During her time as prosecutor, White became one of the foremost experts on capital murder cases in the United States. She was invited to testify as an expert witness to the U.S. Senate Judiciary committee on June 10, 2002. She testified in the matter of “Reducing the Risk of Executing the Innocent: The Report of the Illinois Governor's Commission on Capital Punishment”, along with other experts in the field, including author Scott Turow, Donald Hubert, and Professor Larry Marshall (Northwestern University School of Law).

White taught the Career Prosecutors Course at the College of the National District Attorneys Association in Alexandria, Virginia, which is attended by prosecutors from around the country.

=== Stephanie Carter ===
Among White's notable trials as prosecutor was that known for its victim, Stephanie Carter, a four-year-old girl who died at the hands of her father and stepmother after suffering physical abuse for a year. After Carter's father pleaded guilty, White prosecuted her stepmother and won a conviction.

White subsequently co-authored a state bill entitled Stephanie's Law, to make it easier for law enforcement to protect children in South Carolina from abuse. Among other provisions, it requires classification of suspected child abuse cases immediately as "unfounded" or "indicated", and allows reopening of cases upon the receipt of additional information.

== Defense Attorney ==
After losing a bid for re-election as Tenth Circuit Solicitor to challenger Chrissy Adams, White opened her own law practice. As a defense attorney, White has helped to gain acquittal in two cases of women accused of murder, arguing successfully that they had been acting in self-defense.

=== April McCullough ===
McCullough was charged with shooting and killing her 32-year-old boyfriend, Scotty Fowler, in February 2005. She claimed that he had had a history of committing domestic violence against her. The jury acquitted McCullough, convinced by White's argument that Fowler had abused her client and McCullough killed him in self-defense.

=== Cynthia Marchbanks ===
On September 8, 2006, 23-year-old Cynthia Marchbanks and 22-year-old Amber Robey, who were childhood friends, argued. Marchbanks fled to her home, and Robey charged in. Afraid, Marchbanks fired her .45 caliber pistol at Robey, killing her with a shot to the chin. Robey was 6 months pregnant and her baby was delivered early by emergency Caesarean section in an attempt to save it. The baby died 40 days later.

White defended Marchbanks and won her acquittal of murder in a jury trial.

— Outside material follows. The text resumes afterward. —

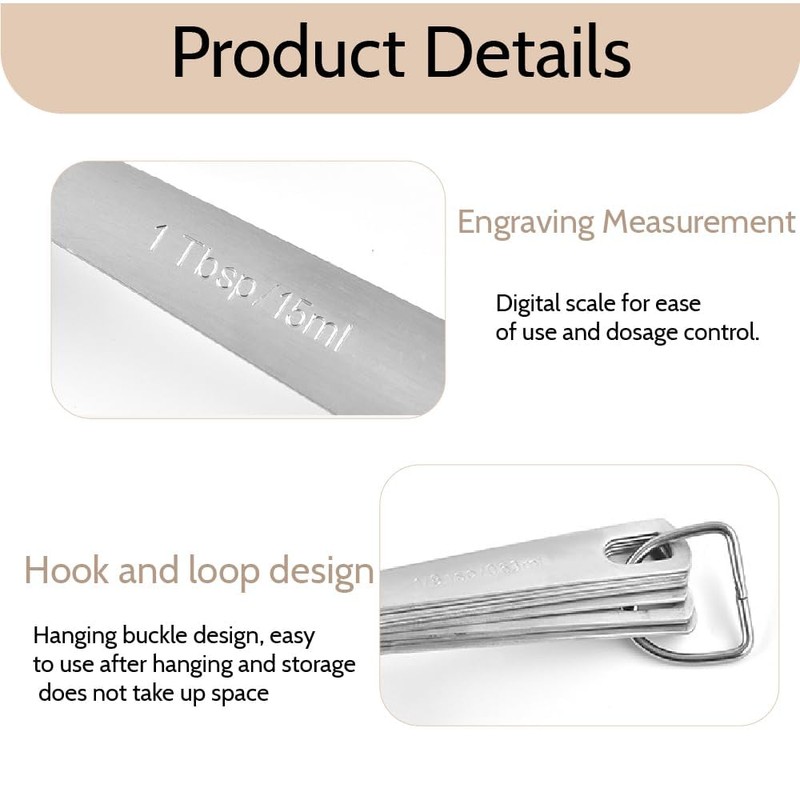 18/8 Stainless Steel Measuring Spoon, Metal Measuring Spoon for Baking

She was believed to have killed her pregnant neighbor in self-defense, after an argument escalated.

==Honors==
- 2000 - elected Prosecutor of the Year by the South Carolina Solicitor's Association.
- 2003 - Governor Mark Sanford appointed White to a 4-year term on the South Carolina Prosecution Commission, which coordinates the state's prosecution of capital cases.
- 2006 - Sanford awarded White the Order of the Palmetto, South Carolina's highest civilian honor.